■ **Task goal**: Could you print exactly the lines of the listing below, starting at the line that has "Новое поступление tronxy" and ending at the line that has "Replacement For OPPO", and only those lines?

■ **Available records**:

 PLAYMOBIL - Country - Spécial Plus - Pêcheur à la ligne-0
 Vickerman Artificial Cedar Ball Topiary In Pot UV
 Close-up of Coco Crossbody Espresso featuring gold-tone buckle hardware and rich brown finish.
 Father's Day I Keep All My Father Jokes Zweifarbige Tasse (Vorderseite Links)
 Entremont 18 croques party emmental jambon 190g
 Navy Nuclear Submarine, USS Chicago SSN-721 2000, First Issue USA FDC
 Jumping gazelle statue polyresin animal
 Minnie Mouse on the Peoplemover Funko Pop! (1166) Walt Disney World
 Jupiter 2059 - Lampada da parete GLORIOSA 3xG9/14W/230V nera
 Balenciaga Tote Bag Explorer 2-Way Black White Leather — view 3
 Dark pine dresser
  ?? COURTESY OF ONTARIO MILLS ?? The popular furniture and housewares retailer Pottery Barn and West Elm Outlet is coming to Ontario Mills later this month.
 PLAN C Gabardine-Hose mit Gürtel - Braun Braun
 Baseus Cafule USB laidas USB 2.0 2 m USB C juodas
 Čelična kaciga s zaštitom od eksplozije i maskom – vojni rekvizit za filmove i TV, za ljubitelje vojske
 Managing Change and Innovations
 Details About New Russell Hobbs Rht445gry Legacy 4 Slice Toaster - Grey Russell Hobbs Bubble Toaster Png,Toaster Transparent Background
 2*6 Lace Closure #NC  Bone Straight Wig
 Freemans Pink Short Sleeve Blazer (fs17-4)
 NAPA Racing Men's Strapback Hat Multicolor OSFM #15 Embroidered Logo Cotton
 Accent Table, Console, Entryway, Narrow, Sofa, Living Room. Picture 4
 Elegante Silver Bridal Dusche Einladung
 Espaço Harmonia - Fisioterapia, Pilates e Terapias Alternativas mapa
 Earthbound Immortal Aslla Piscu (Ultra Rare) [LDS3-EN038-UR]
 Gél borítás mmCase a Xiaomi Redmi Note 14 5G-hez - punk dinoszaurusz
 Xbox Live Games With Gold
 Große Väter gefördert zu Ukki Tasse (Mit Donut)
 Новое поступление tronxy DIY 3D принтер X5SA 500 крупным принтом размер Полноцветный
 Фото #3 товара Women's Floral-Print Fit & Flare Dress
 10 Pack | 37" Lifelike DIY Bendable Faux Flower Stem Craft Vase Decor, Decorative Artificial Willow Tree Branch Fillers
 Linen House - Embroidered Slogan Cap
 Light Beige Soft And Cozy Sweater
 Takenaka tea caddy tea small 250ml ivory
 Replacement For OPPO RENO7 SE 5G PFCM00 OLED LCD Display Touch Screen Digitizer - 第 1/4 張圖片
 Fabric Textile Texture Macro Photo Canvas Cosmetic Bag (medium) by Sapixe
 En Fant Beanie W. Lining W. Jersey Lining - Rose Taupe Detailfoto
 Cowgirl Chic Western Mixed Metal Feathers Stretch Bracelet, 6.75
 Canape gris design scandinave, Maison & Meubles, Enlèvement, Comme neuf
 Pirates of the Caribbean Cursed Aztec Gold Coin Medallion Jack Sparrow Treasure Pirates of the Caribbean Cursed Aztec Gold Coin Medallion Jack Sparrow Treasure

■ **Written answer**:
 Новое поступление tronxy DIY 3D принтер X5SA 500 крупным принтом размер Полноцветный
 Фото #3 товара Women's Floral-Print Fit & Flare Dress
 10 Pack | 37" Lifelike DIY Bendable Faux Flower Stem Craft Vase Decor, Decorative Artificial Willow Tree Branch Fillers
 Linen House - Embroidered Slogan Cap
 Light Beige Soft And Cozy Sweater
 Takenaka tea caddy tea small 250ml ivory
 Replacement For OPPO RENO7 SE 5G PFCM00 OLED LCD Display Touch Screen Digitizer - 第 1/4 張圖片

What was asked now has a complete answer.